The teacher said many teachers refrain from expressing their political opinions due to fear of violating discipline and the professional code. But Section 93 of the 2004 Government Teacher and Education Personnel Act has nothing to do with political expression.

Tanawat said that the Constitution guarantees freedom of expression for all citizens. Teachers are also citizens. The code of ethics for teachers also urges teachers to develop their attitudes about social, economic and political issues. If teachers are apolitical, they have overlooked the code.

Section 93

"Government teachers and education personnel must remain politically neutral in carrying out their duties and other activities related to the people, by not utilizing their powers and duties as government officials to display affiliation with, support for, or endorsement of any politician, political group or political party."

As a teacher, he said that the Ministry should reduce the workload unrelated to teaching. Teachers have been overburdened with trivial paper tasks including security, procurement, driving, and annual evaluations, which divert their attention away from students.

Thanawat urged society to push forward education reform by questioning the purpose of education. Teachers should be allowed to express their opinions and criticism of centrally determined policies.

Help from behind the scenes

The protests by the Bad Students are thought to be the best-scripted and organized demonstrations in Thailand. The Education Minister said he felt threatened after hearing the student’s ultimatum that he must resign if he cannot do his job.

Bad Students teach Minister education reform

The Bad Students are praised by their allies, but criticized by pro-government supporters as tainted. It turns out that they receive tremendous support from an adult who shares their democratic cause.

Pakorn Porncheewangkun, a red shirt protester, told PPTV that he had spent almost 200,000 baht to help the students organize this protest, including provision of banners, a stage, a toilet truck, electric generator truck, audio amplifiers, and 4,000 bottles of water with Kai Meaw’s ‘Ta Sai’ stickers.
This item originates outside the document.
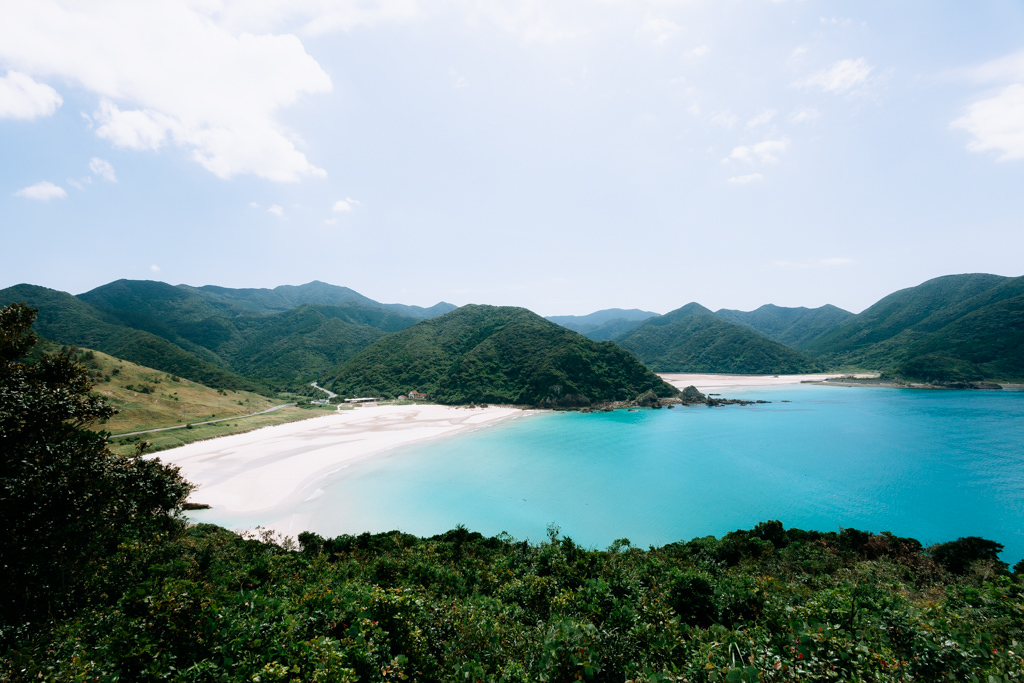 One of the best 100 beaches of Japan, Fukuejima of the Goto Islands, Nagasaki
Some of the money also came from politically like-minded donors.

Caption: Students raised 3 fingers, an anti-dictatorship gesture inspired from the salute in The Hunger Games film.
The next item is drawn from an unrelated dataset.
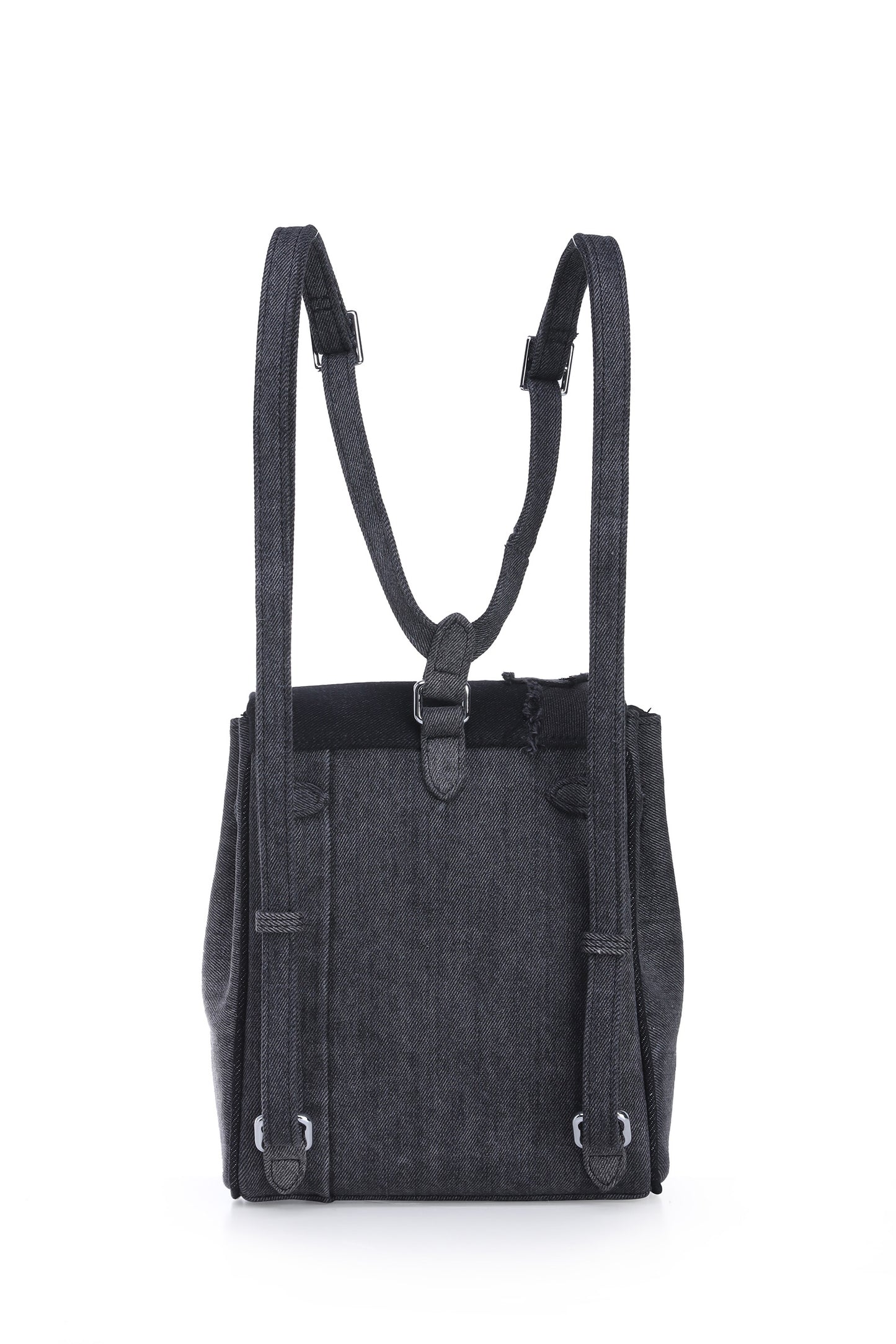 Backpack (Mini) – Multi Black Denim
“We must accept that a protest requires money; if we do not use money, we cannot push forward anything,” said Pakorn.

While he denied the involvement of any politicians in the protests as it should be, Pakorn said politicians should support the protesters in the form of bail when a case comes to court.

In 2019, Pakorn bought one of a set of controversial paintings that depicted Lord Buddha as the superhero Ultraman for 4,500 baht. They were painted by a student at Nakhon Ratchasima Rajabhat University who later had to apologize to hardline Buddhist groups for tarnishing their religion after they asked the Crime Suppression Division to prosecute her.
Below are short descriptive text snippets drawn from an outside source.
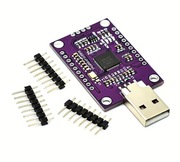 Moduł konwertera USB do JTAG UART / FIFO SPI / I2C, FT232H 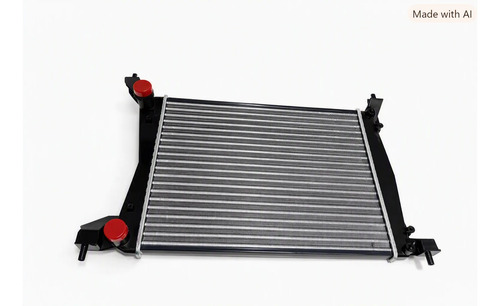 Radiador Fiat Palio Siena Fase 4 2012/2018 1.4 Tipo Valeo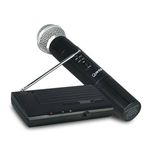 Ficha técnica e caractérísticas do produto Microfone Sem Fio Quanta Qtmic102 VHF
Despite a request from the University, he refused to return the paintings knowing that they would be destroyed. Instead, he put them up for auction and donated some of the money to the young painter and hospitals in Nakhon Ratchasima. The first painting raised 600,000 baht while the second raised 2 million baht.

Pakorn announced that he was ready to support any group of student protesters in the democratic cause. He believes that the government allows the protests because they know in the long run the students cannot afford to keep holding protests. So he supports the students to help increase their chance of success.